GOAL OF THE EXERCISE –
Leaving out the pictures, output the lines from the one that contains "Бокалы для вина новые" through the end of the material, exactly as they stand.

______

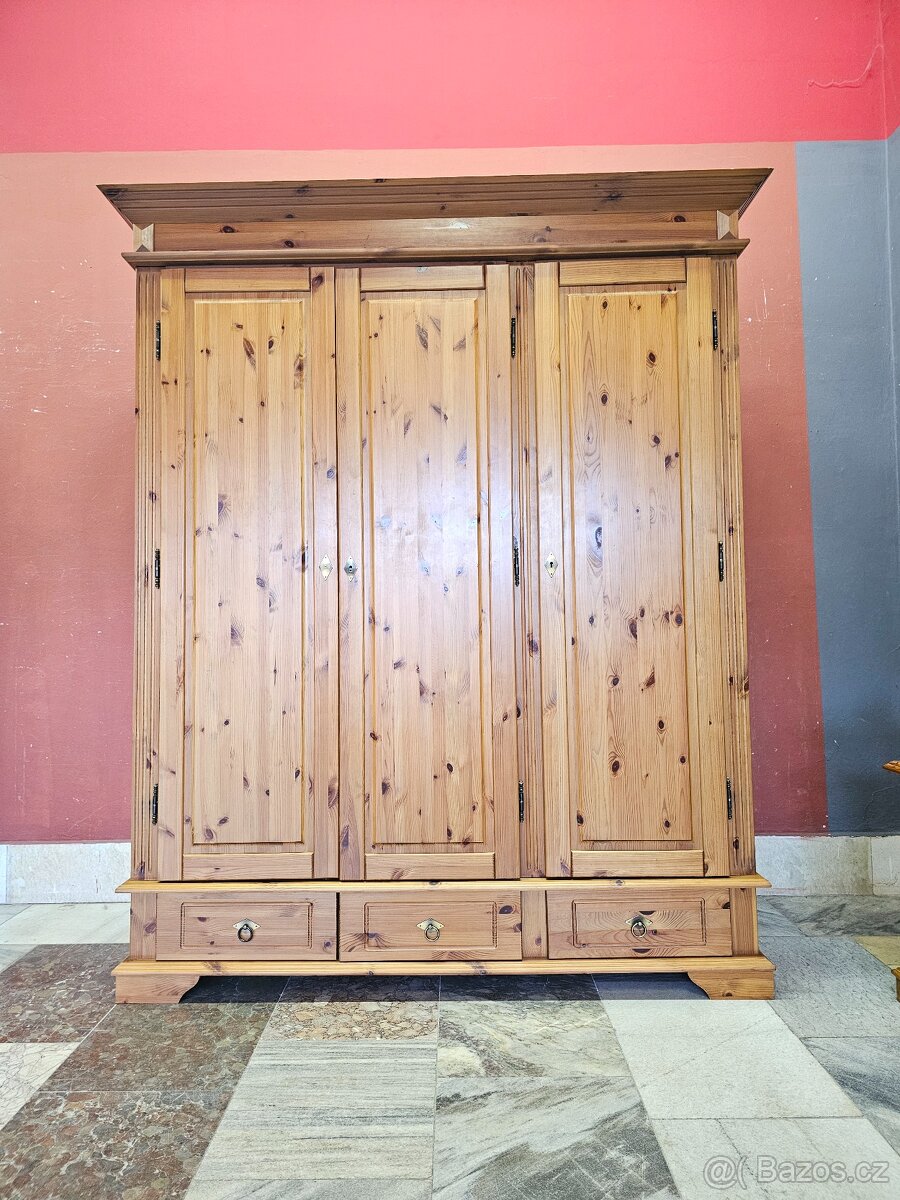 ...Zamluveno...Ložnice Celodřevená - 12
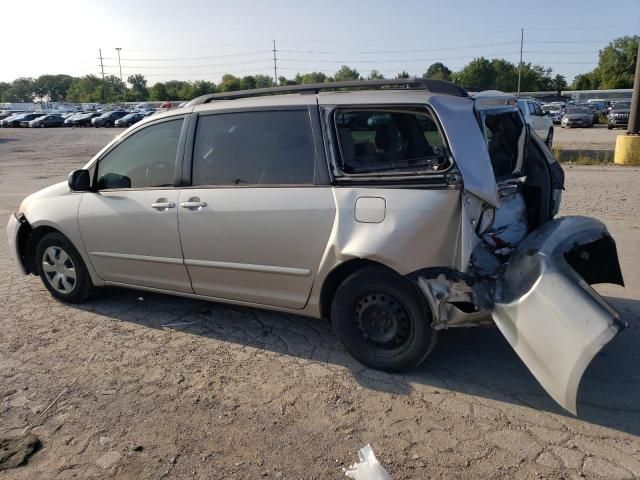 2009 Toyota Sienna CE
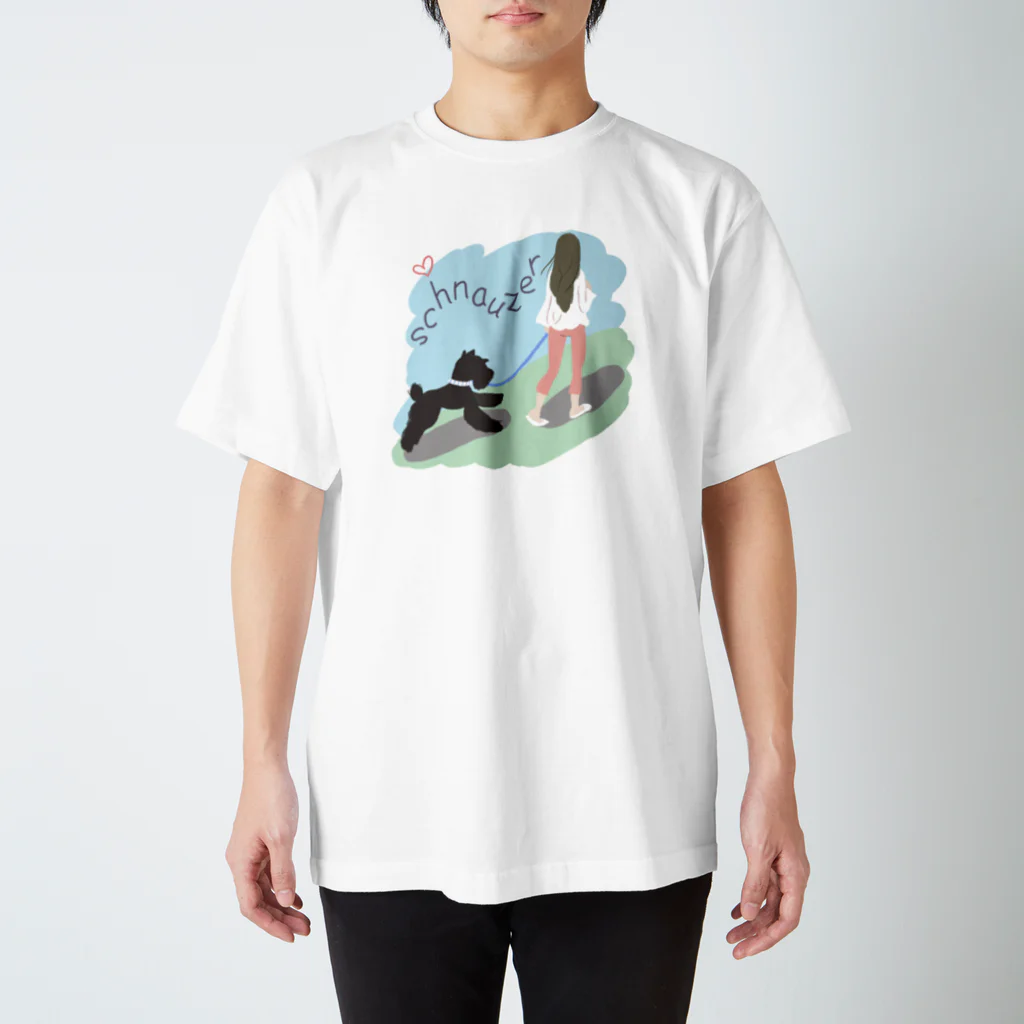 シュナウザーシュナウザーのお散歩だよシュナ Regular Fit T-Shirt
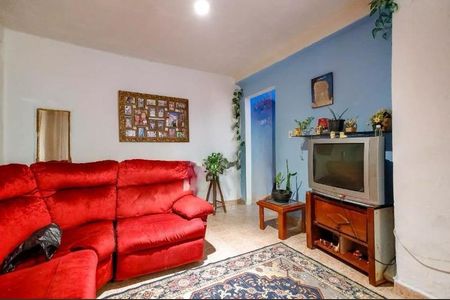 Casa à venda com 149m², 4 quartos e 2 vagas Casa à venda com 149m², 4 quartos e 2 vagasFoto 01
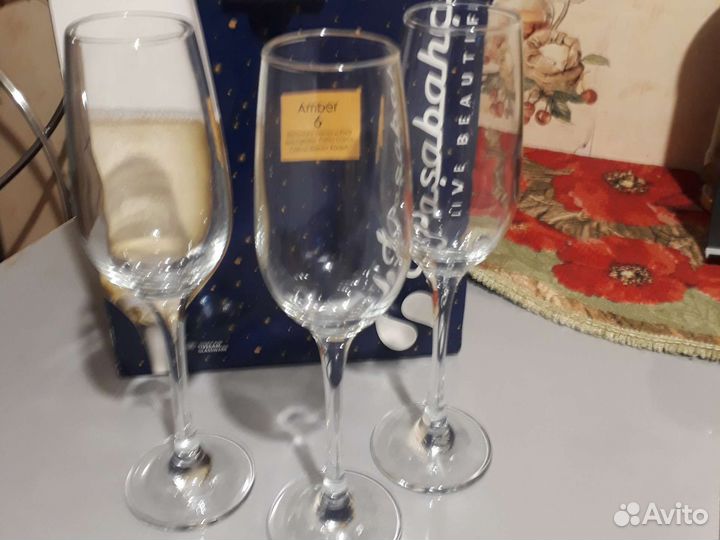 Бокалы для вина новые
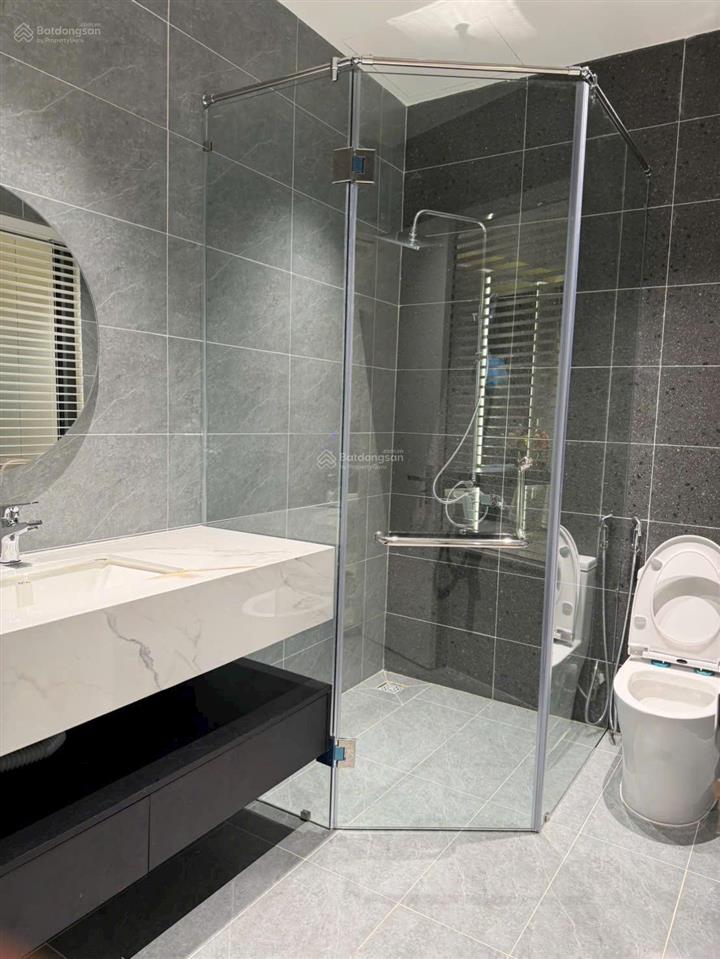 Nhà 3 tầng hòa xuân, nguyễn hiến lê, dt 100m²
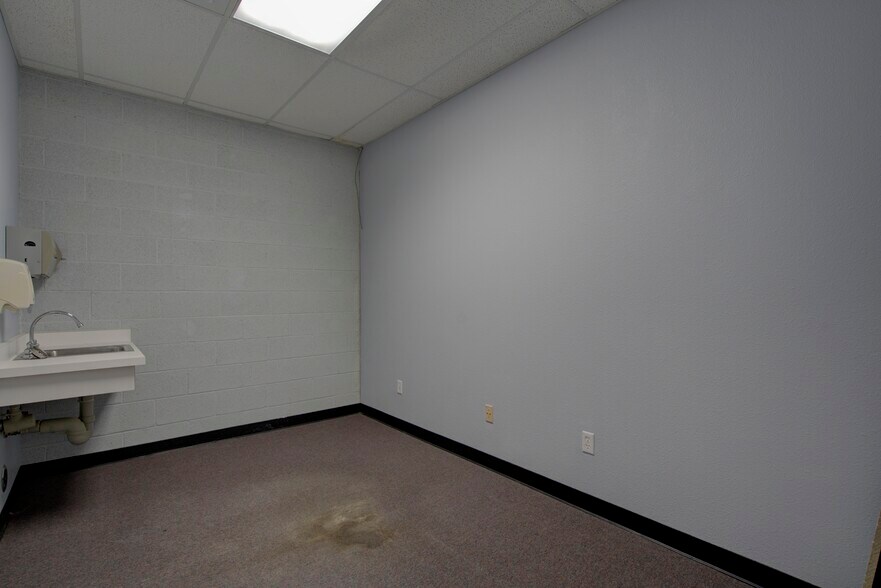 More Photos Of 295 Main St, Weed Office For Sale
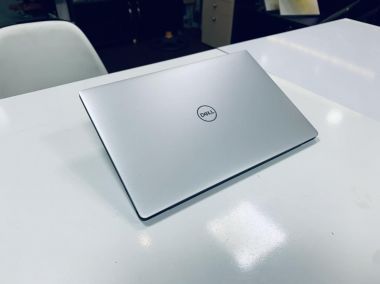 Dell XPS 9370 [ 4K Touchscreen ]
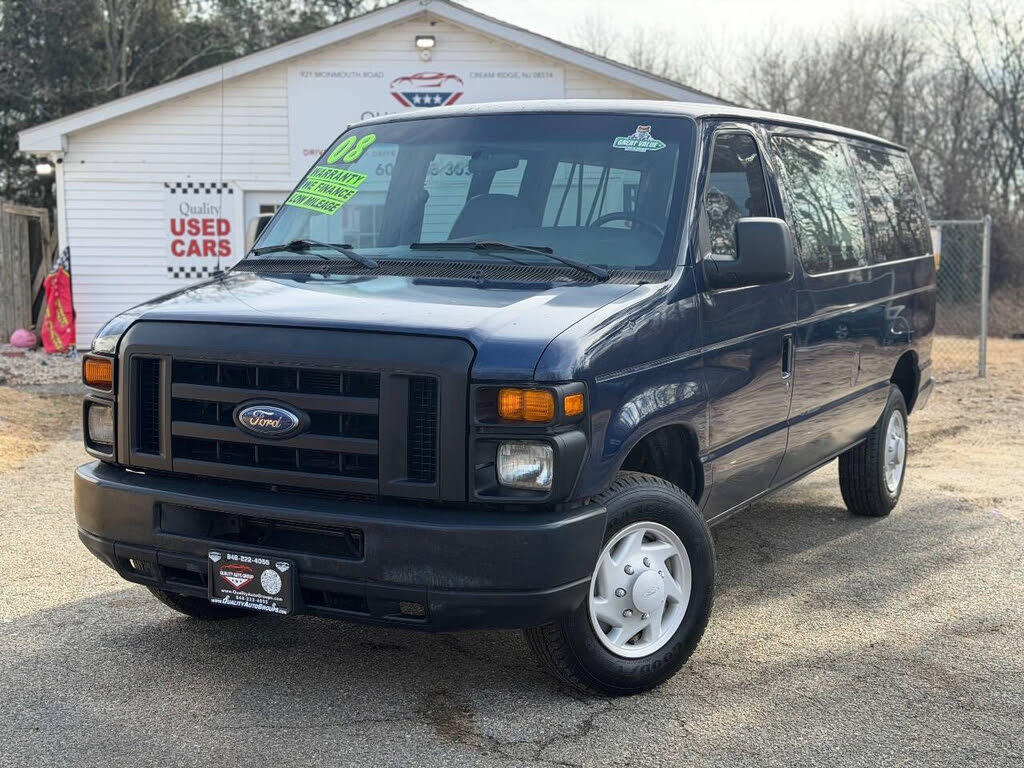 2008 Ford E-Series E-350 XLT Super Duty Passenger Van
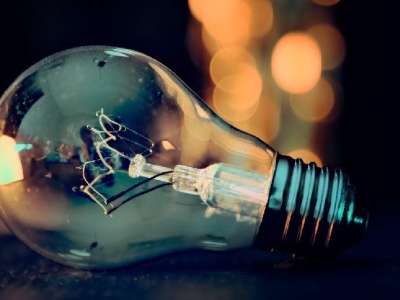 Rekordowe ceny prądu w Polsce. Coraz więcej marzy o odłączeniu od sieci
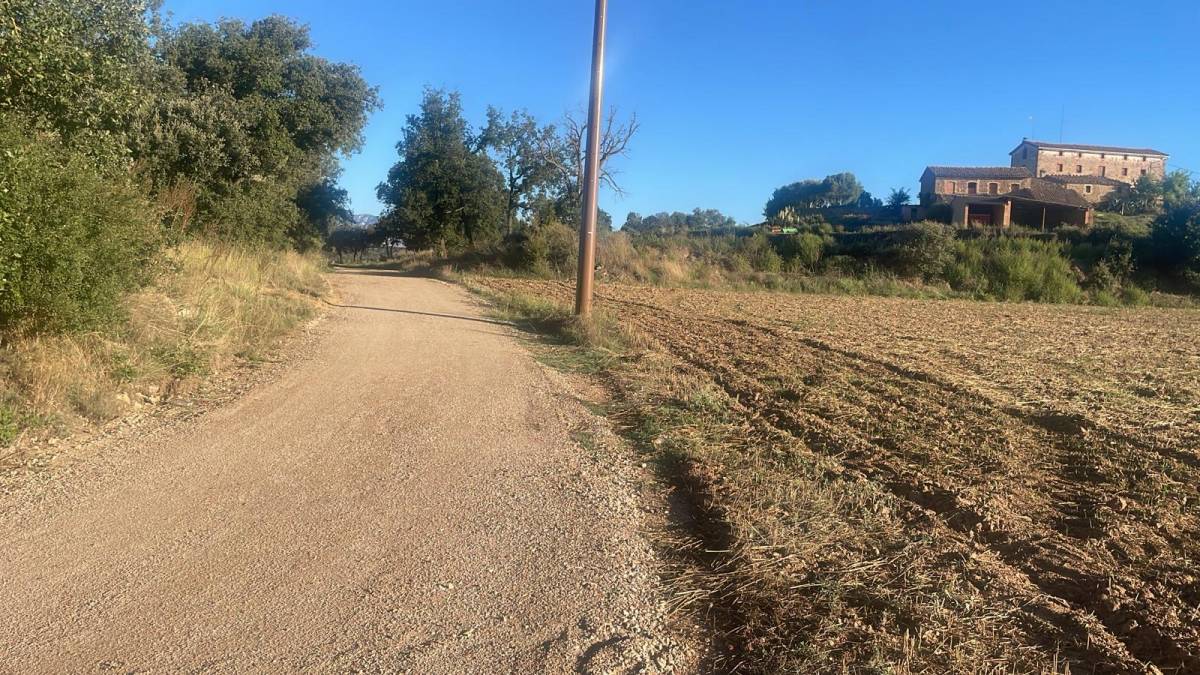 Pinell de Solsonès arranja el camí de Sant Tirs fins els Casals amb àrids reciclats
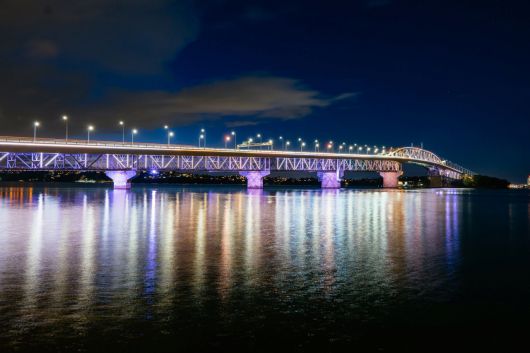 설을 축하하며 불밝힌 오클랜드 다리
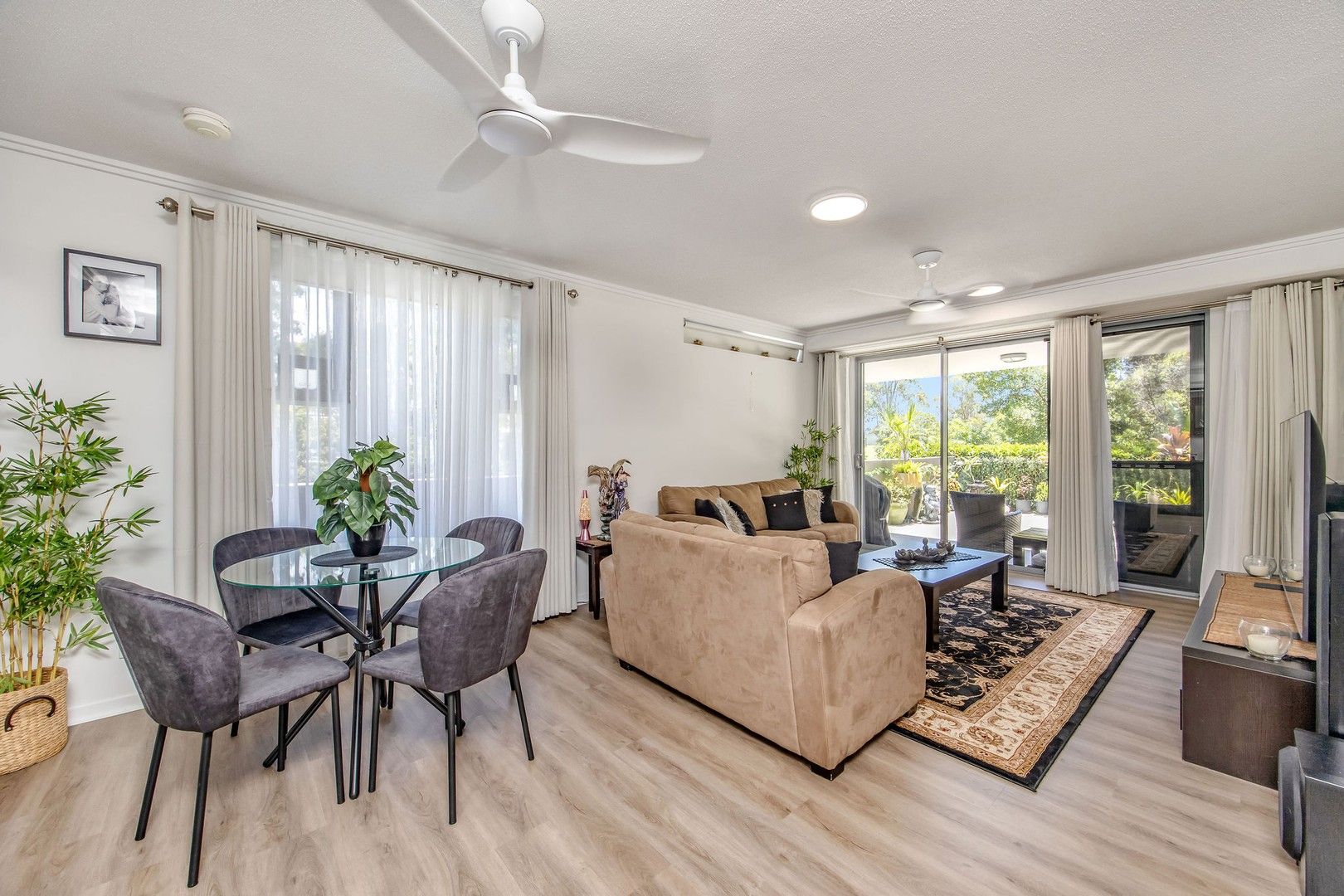 2 bedrooms Apartment / Unit / Flat in 18/154 Musgrave Avenue SOUTHPORT QLD, 4215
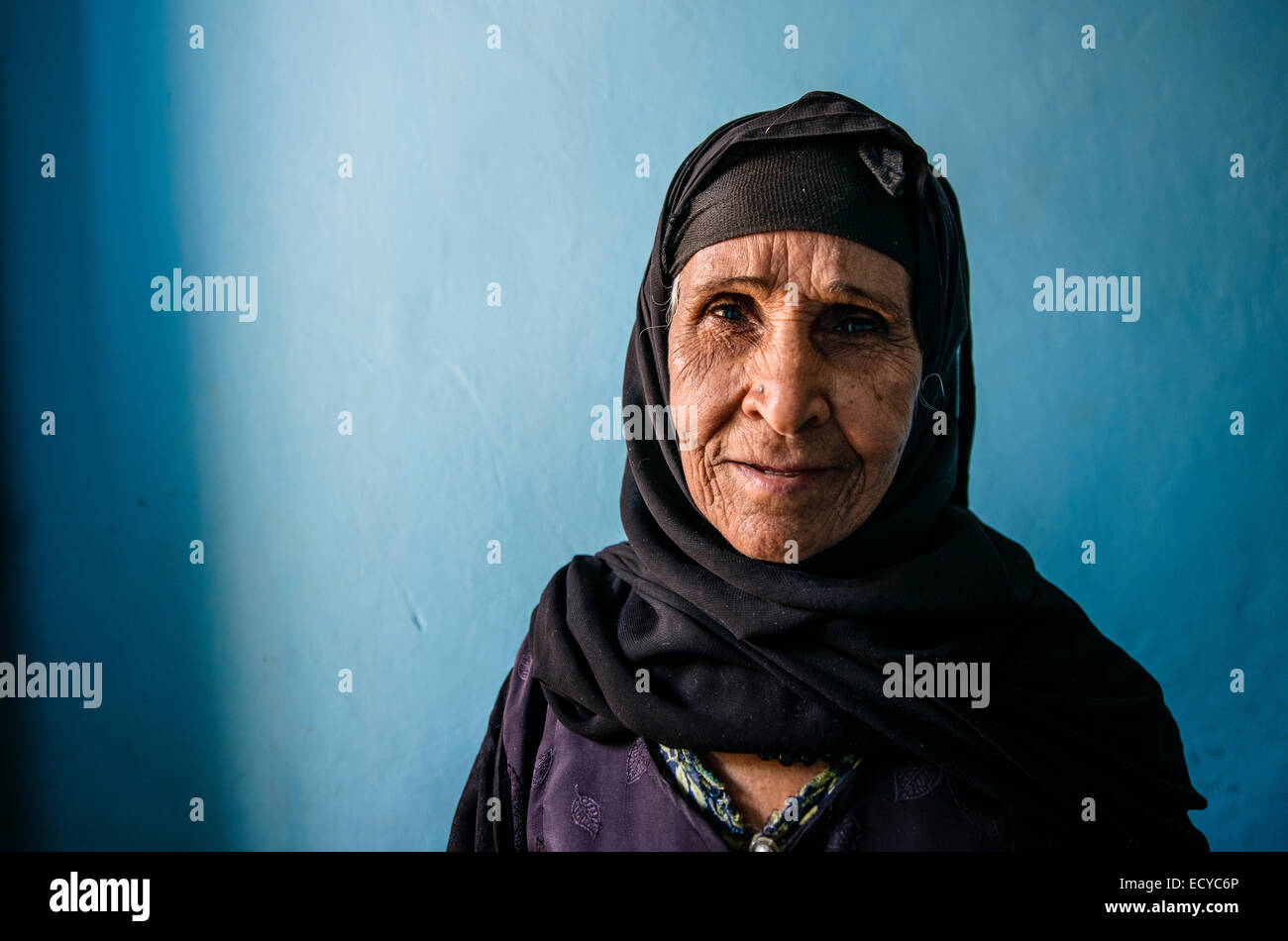 Alte Frau in ihrem traditionellen Haus, Ägypten Stockfoto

______

YOUR RESPONSE –
 Бокалы для вина новые
 Nhà 3 tầng hòa xuân, nguyễn hiến lê, dt 100m²
 More Photos Of 295 Main St, Weed Office For Sale
 Dell XPS 9370 [ 4K Touchscreen ]
 2008 Ford E-Series E-350 XLT Super Duty Passenger Van
 Rekordowe ceny prądu w Polsce. Coraz więcej marzy o odłączeniu od sieci
 Pinell de Solsonès arranja el camí de Sant Tirs fins els Casals amb àrids reciclats
 설을 축하하며 불밝힌 오클랜드 다리
 2 bedrooms Apartment / Unit / Flat in 18/154 Musgrave Avenue SOUTHPORT QLD, 4215
 Alte Frau in ihrem traditionellen Haus, Ägypten Stockfoto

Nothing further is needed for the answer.